TRY IT —
Start the copy at the line holding "2025 Kia Sorento S" and continue it exactly through the last line of the entries, leaving out pictures and anything else.

DATA RECORDS —

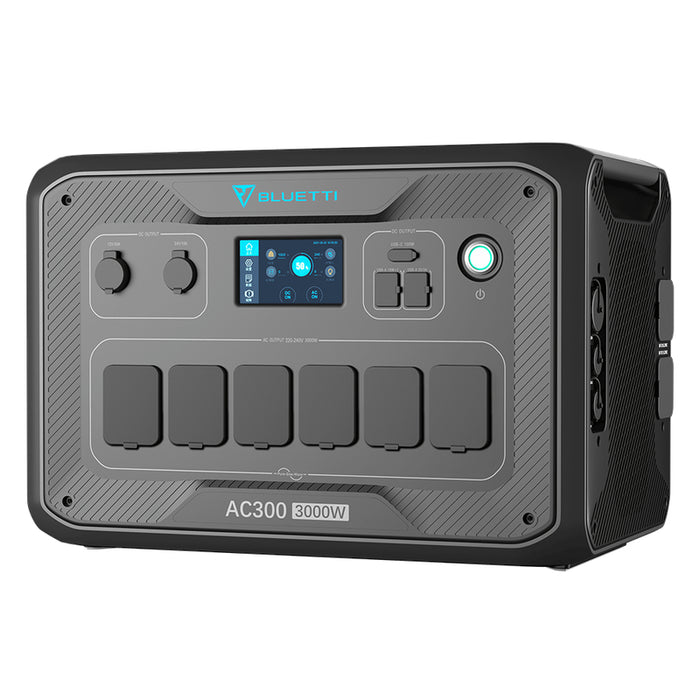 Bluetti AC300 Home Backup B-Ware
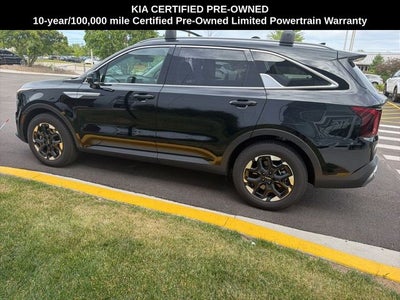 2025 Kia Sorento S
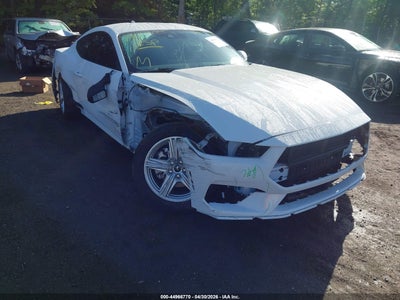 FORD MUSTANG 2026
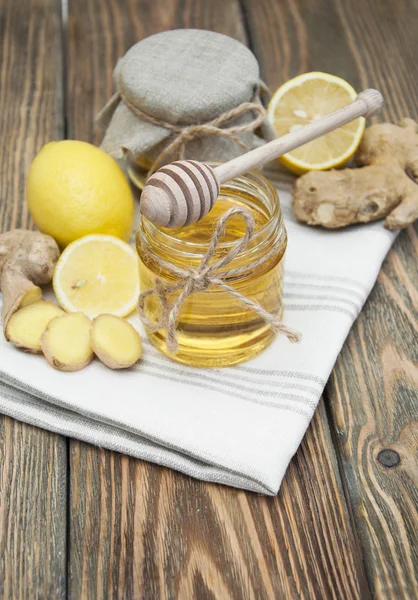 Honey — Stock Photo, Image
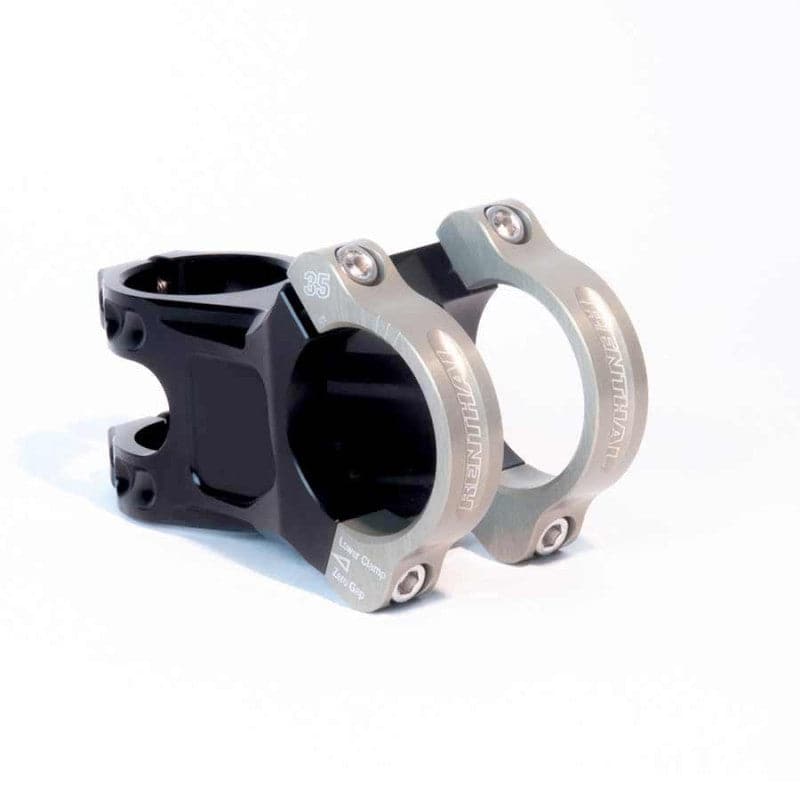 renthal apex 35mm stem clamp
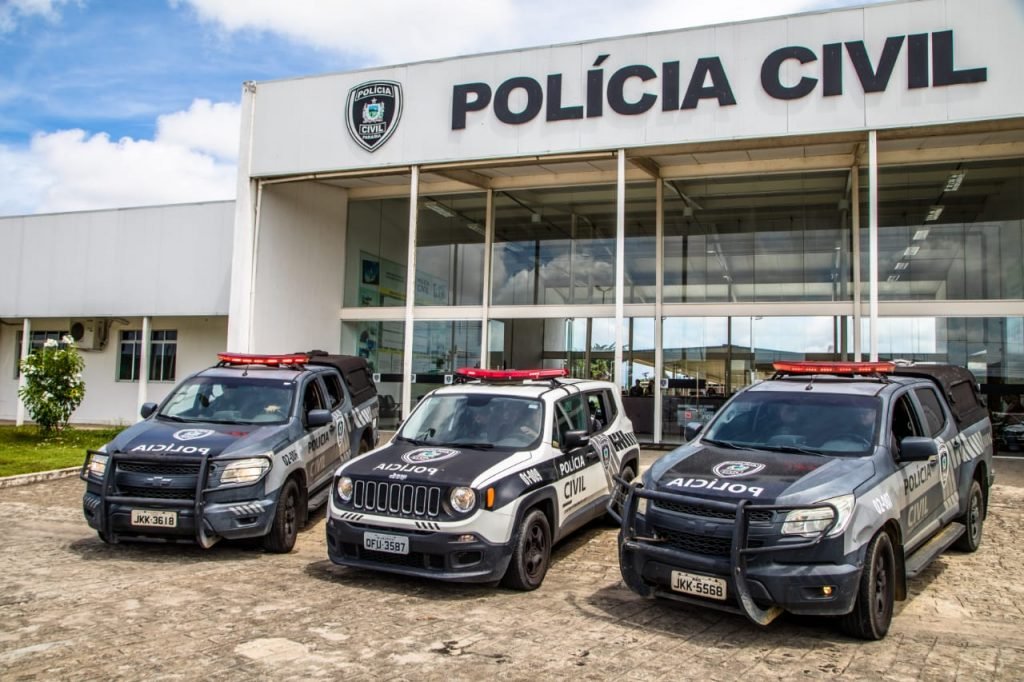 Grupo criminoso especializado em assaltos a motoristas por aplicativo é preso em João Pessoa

SOLUTION TO THIS PROBLEM —
 2025 Kia Sorento S
 FORD MUSTANG 2026
 Honey — Stock Photo, Image
 renthal apex 35mm stem clamp
 Grupo criminoso especializado em assaltos a motoristas por aplicativo é preso em João Pessoa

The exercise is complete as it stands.